Overloading and Overriding Are Different



Item 21. Overloading and Overriding Are Different

Overloading and overriding have nothing whatsoever to do with each other. Nothing. They are entirely different concepts. Ignorance of this difference, or simply sloppy use of terminology, has caused untold confusion and given rise to countless bugs.

Overloading occurs when two or more functions in the same scope have the same name and different signatures. A function's signature consists of the number and type of its declared arguments (otherwise known as "formal" arguments). When the compiler looks up a function name and finds more than one function with that name in a scope, it selects among the available candidates in that scope for the one whose formal arguments best match the actual arguments of the function call (see also Member Function Lookup [24, 87] and Argument Dependent Lookup [25, 89]). That's overloading.

Overriding occurs when a derived class function has the same name and signature as a base class virtual function. In that case, the implementation of the derived class function will replace that of the inherited base class function for virtual calls to a derived object. Overriding changes the behavior of a class but not its interface (but see Covariant Return Types [31, 107]).
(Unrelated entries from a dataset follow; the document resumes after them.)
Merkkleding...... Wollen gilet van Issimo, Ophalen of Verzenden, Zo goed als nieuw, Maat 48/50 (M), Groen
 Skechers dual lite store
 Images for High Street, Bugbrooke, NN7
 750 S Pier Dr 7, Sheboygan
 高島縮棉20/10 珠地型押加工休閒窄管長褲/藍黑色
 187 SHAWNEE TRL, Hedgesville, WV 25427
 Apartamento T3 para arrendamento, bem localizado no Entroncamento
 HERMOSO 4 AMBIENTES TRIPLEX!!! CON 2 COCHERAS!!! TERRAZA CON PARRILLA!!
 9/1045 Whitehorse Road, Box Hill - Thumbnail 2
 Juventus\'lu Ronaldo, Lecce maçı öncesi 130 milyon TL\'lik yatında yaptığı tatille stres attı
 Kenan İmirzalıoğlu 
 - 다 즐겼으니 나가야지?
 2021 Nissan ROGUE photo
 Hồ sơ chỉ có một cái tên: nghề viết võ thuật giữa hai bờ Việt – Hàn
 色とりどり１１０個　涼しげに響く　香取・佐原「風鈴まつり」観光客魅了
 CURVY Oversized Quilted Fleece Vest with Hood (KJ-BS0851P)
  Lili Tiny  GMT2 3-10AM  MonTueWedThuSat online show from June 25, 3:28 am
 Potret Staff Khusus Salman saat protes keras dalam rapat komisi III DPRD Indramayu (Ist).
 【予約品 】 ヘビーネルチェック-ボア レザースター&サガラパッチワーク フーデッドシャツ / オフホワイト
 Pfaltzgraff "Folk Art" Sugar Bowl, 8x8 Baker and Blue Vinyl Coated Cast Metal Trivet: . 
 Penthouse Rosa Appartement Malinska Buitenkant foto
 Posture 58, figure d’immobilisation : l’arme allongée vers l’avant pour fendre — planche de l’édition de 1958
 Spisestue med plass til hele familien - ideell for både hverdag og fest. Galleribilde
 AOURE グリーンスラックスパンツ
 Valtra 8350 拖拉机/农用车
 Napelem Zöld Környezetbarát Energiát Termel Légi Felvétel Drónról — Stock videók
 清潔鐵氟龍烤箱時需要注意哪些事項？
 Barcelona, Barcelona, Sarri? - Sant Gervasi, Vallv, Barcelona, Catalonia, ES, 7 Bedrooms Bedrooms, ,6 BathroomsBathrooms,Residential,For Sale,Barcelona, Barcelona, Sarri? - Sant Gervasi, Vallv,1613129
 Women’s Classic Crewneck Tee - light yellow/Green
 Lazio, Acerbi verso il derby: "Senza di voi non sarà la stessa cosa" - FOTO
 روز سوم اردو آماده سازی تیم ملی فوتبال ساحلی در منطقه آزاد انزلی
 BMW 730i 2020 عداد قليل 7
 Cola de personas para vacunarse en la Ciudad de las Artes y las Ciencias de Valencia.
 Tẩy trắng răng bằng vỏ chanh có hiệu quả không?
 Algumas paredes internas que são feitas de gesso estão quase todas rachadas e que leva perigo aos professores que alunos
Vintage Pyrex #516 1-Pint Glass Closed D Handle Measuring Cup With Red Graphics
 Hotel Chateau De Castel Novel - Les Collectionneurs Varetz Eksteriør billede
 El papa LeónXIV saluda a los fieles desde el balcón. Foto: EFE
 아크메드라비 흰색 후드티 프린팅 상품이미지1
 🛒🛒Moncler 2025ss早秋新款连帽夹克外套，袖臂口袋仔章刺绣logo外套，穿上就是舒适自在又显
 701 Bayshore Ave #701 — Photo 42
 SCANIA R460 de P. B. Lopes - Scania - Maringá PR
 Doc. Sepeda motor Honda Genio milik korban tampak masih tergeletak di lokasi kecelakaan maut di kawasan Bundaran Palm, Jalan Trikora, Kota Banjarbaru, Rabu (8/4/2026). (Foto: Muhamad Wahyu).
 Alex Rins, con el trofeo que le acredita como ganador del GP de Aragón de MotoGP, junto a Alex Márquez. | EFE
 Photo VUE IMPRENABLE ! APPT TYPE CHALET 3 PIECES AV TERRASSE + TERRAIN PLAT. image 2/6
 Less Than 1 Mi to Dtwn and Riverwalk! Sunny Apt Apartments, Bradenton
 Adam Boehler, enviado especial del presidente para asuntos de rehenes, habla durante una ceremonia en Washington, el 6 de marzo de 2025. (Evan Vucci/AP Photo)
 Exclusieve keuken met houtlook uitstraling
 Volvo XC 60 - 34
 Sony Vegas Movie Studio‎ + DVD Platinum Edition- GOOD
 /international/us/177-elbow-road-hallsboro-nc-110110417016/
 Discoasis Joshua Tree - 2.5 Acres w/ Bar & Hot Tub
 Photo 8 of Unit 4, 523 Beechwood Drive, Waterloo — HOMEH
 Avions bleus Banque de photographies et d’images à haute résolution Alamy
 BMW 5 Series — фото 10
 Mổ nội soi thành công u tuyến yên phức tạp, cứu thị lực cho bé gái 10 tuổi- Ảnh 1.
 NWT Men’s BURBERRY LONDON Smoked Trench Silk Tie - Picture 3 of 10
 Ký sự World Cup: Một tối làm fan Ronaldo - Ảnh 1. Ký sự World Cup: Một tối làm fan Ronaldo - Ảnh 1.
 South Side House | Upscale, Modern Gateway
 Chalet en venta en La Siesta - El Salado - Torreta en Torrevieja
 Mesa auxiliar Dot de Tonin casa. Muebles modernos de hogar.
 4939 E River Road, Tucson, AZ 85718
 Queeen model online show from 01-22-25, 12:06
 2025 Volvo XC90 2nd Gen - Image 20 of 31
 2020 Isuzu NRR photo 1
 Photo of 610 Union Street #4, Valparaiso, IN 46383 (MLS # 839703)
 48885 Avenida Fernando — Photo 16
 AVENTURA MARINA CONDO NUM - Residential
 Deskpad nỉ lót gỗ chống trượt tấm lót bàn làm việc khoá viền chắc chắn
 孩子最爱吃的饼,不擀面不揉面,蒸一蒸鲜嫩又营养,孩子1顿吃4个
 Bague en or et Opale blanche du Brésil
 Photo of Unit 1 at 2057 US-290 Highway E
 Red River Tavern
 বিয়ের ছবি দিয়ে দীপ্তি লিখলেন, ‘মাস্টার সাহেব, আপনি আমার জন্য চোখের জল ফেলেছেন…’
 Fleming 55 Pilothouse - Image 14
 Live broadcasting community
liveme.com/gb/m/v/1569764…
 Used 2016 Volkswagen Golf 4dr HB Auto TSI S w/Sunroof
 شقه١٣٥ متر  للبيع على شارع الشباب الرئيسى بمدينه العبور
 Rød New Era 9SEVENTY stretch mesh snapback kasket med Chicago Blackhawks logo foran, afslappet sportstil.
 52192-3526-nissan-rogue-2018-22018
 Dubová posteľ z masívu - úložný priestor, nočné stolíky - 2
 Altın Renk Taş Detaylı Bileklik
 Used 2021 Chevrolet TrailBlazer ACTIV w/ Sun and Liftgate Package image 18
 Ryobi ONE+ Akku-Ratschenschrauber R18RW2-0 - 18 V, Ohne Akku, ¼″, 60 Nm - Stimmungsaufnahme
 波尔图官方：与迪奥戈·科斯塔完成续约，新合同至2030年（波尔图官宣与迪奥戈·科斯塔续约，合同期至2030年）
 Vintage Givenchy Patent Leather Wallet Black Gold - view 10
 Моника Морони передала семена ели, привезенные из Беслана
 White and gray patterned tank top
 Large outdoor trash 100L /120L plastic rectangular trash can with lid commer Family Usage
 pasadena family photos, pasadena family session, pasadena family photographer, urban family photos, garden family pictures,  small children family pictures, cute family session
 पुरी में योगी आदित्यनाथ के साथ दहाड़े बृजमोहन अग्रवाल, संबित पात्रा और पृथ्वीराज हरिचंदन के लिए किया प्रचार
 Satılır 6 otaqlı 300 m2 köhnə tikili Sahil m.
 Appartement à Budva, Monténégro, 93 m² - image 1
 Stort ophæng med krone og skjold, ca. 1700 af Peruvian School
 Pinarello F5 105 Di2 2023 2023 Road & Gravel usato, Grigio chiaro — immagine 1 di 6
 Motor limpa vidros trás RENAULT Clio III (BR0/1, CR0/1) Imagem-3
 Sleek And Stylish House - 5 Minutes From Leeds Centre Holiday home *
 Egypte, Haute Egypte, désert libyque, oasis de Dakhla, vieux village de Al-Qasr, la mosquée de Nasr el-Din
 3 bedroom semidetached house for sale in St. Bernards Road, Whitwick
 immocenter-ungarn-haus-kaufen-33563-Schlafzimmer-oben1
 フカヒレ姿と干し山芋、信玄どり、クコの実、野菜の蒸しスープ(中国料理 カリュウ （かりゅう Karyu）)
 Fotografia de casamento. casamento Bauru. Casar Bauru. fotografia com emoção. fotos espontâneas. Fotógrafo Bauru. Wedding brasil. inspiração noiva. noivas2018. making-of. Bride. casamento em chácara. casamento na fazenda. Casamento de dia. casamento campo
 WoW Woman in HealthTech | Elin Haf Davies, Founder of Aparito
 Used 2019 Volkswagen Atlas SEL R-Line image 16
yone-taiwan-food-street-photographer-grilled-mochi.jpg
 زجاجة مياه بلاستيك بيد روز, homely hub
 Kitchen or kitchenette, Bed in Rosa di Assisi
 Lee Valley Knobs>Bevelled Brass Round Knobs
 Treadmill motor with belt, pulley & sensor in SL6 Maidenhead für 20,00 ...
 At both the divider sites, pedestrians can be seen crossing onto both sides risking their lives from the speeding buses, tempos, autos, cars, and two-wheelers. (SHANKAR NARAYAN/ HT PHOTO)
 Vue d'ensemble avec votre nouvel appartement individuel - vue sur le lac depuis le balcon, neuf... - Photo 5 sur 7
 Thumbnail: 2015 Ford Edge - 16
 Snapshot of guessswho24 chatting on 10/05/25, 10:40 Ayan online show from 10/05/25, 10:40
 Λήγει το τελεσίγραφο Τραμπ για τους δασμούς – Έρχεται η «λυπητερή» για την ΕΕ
Consider the following simple base class:

class B {
  public:
    //...
    virtual int f( int );                                                
    void f( B * );                                                       
    //...
};

The name f is overloaded in B because two different functions named f are in the same scope. (The overloading is highlighted as bad code for two reasons. You probably don't want to overload a virtual function, and you probably don't want to overload on both an integral and a pointer type. See C++ Gotchas and Effective C++, respectively, to see why.)

class D : public B {
  public:
    int f( int );
    int f( B * );
};

The member function D::f(int) overrides the base class virtual function B::f(int). The member function D::f(B *) doesn't override anything, because B::f(B *) is not virtual. It does, however, overload D::f(int). Note that it does not overload the base class members B::f, because it's in a different scope (see also Optional Keywords [63, 231]).

Overloading and overriding are different concepts, and a technical understanding of their differences is essential if you want to grok advice on advanced base class interface design.